OGH vom 29.05.1990, 10ObS121/90

Kopf

Der Oberste Gerichtshof hat als Revisionsgericht in Arbeits- und Sozialrechtssachen durch den Senatspräsidenten des Obersten Gerichtshofes Dr. Resch als Vorsitzenden und durch die Hofräte des Obersten Gerichtshofes Mag. Engelmaier und Dr. Angst als weitere Richter sowie die fachkundigen Laienrichter Dr. Reinhard Drössler und Dr. Josef Fellner (beide Arbeitgeber) in der Sozialrechtssache der klagenden Partei Maria Theresia H***, Pensionistin, 6811 Göfis, Etze 69, vertreten durch Dr. Wilhelm Winkler, Rechtsanwalt in Bregenz, wider die beklagte Partei S*** DER

B***, 1031 Wien, Ghegastraße 1, diese vor dem Obersten Gerichtshof nicht vertreten, wegen Ausgleichszulage, infolge Revision der klagenden Partei gegen das Urteil des Oberlandesgerichtes Innsbruck als Berufungsgerichtes in Arbeits- und Sozialrechtssachen vom , GZ 5 Rs 123/89-12, womit infolge Berufung der klagenden Partei das Urteil des Landesgerichtes Feldkirch als Arbeits- und Sozialgerichtes vom , GZ 34 Cgs 47/89-8, bestätigt wurde, in nichtöffentlicher Sitzung den

Beschluß

gefaßt:

Spruch

Der Revision wird Folge gegeben.

Das angefochtene Urteil wird aufgehoben.

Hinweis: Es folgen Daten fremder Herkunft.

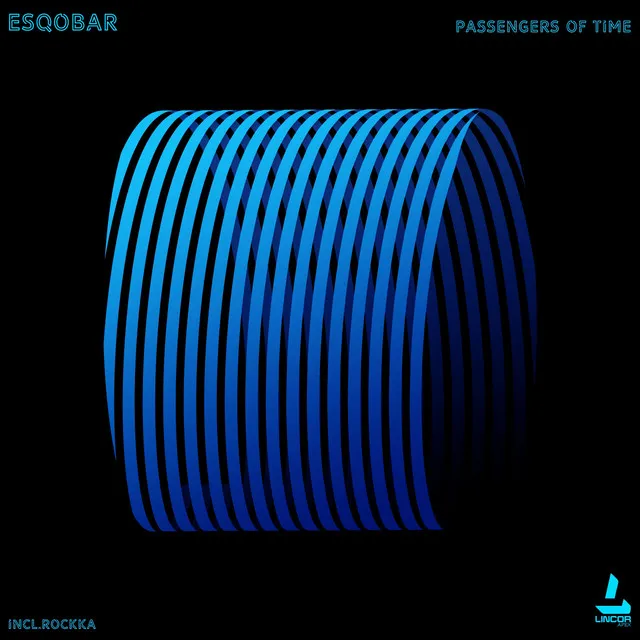 Passengers of Time - Original Mix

Die Rechtssache wird zur neuerlichen Verhandlung und Entscheidung an das Berufungsgericht zurückverwiesen.

Die Kosten des Revisionsverfahrens sind weitere Verfahrenskosten.

Text

Begründung:

Die Klägerin bezieht von der beklagten Partei eine Witwenpension nach ihrem am verstorbenen Ehemann. Im Verlassenschaftsverfahren gab sie am neben den fünf ehelichen Kindern des Erblassers auf Grund des Gesetzes zu einem Drittel des Nachlasses die bedingte Erbserklärung ab. Am selben Tag schlossen sie und andere Erben ein Übereinkommen, in dem unter anderem die Klägerin ihren Erbteil einem ihrer Söhne übertrug. Als Gegenleistung hiefür wurde ihr ein Wohn- und Ausgedingsrecht eingeräumt. Am wurde der Nachlaß den Erben unter Hinweis auf das Erbenübereinkommen eingeantwortet. Zum Nachlaß gehörte ein landwirtschaftlicher Betrieb.

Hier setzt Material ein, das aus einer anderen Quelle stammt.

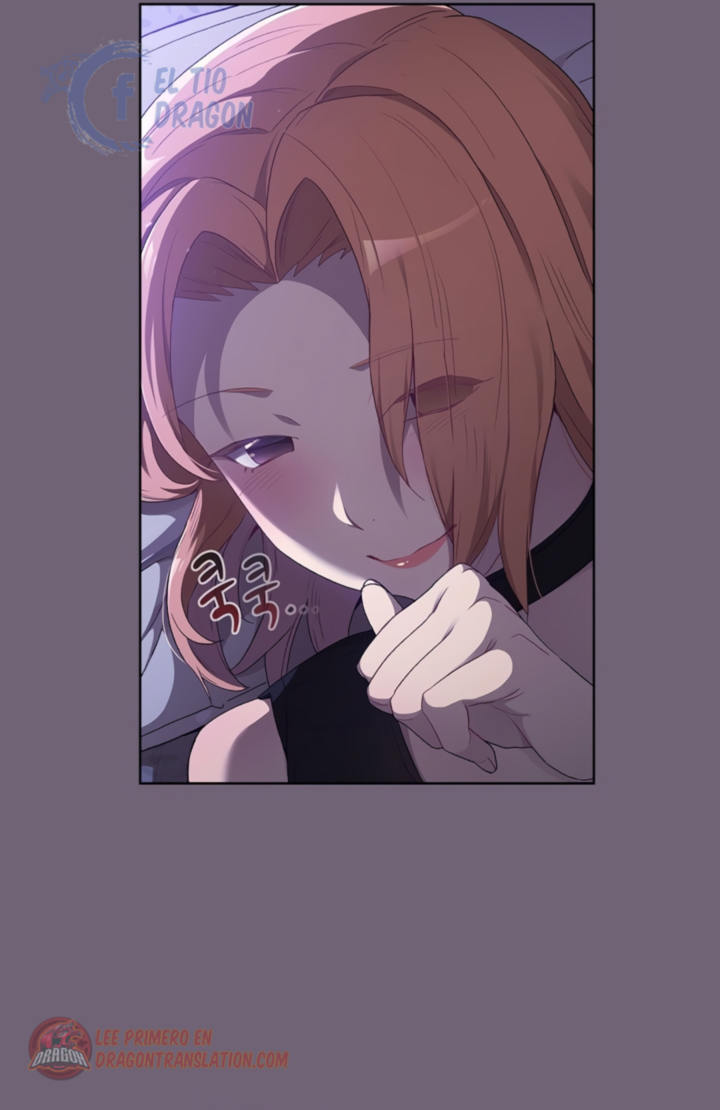 ¿Qué debo hacer ahora? Capítulo 3 - Página 47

Mit Bescheid vom entschied die beklagte Partei über die der Klägerin in der Zeit vom bis zustehende Ausgleichszulage, die sie für mehrere Zeiträume in verschiedener Höhe festsetzte. Dabei wurden die der Klägerin auf Grund des Erbübereinkommens gebührenden Sachbezüge gemäß § 140 Abs 3 BSVG berücksichtigt. Über die ab zustehende Ausgleichszulage wurde eine gesonderte "Mitteilung" angekündigt. Der Bescheid wurde von der Klägerin nicht bekämpft.

Mit Bescheid vom setzte die beklagte Partei die der Klägerin ab gebührende Ausgleichszulage mit 809,60 S monatlich fest, wobei die Sachbezüge wieder auf die angeführte Art als Einkommen berücksichtigt wurden.

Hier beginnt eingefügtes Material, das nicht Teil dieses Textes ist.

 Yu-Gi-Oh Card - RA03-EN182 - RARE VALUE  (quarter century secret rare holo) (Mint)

In ihrer gegen diesen Bescheid eingebrachten Klage begehrte die Klägerin, die beklagte Partei schuldig zu erkennen, ihr die Ausgleichszulage unter Anwendung des § 140 Abs 7 BSVG in der gesetzlichen Höhe zu gewähren.

Die beklagte Partei bestritt, daß die Voraussetzungen für eine Pauschalanrechnung nach § 140 Abs 7 BSVG gegeben seien; die Klägerin sei nie Eigentümerin des landwirtschaftlichen Betriebes ihres Ehemannes gewesen. Die beklagte Partei beantragte ferner die Zurückweisung der Klage wegen "Unzulässigkeit des Rechtsweges infolge res judicata" und brachte hiezu vor, daß über die Grundlage zur Berechnung der Ausgleichszulage schon mit dem Bescheid vom rechtskräftig entschieden worden sei. In diesem Punkt habe sich gegenüber dem mit der Klage bekämpften Bescheid keine Änderung ergeben; dieser habe nur die gemäß Art. III Abs 5 der

11. BSVG-Nov aufgeschobene Anpassung der Pensionen zum Gegenstand gehabt.

Das Erstgericht wies das Klagebegehren ab, erkannte die beklagte Partei aber zur Bezahlung der Ausgleichszulage in der im bekämpften Bescheid festgesetzten Höhe schuldig. Es war, ohne über die Unzulässigkeit des Rechtsweges oder die Rechtskraft ausdrücklich abzusprechen, hiezu der Meinung, daß der Bescheid vom über den Juni 1988 hinaus keine Wirkung gehabt habe. Überdies rechtfertige die infolge der Pensionsanpassung eingetretene Änderung eine Neufeststellung der Ausgleichszulage ohne Bindung an die Grundlagen früherer Entscheidungen. Die Voraussetzungen für eine Pauschalanrechnung nach § 140 Abs 7 BSVG seien nicht gegeben, weil die Klägerin nicht Eigentümerin des landwirtschaftlichen Betriebes geworden sei.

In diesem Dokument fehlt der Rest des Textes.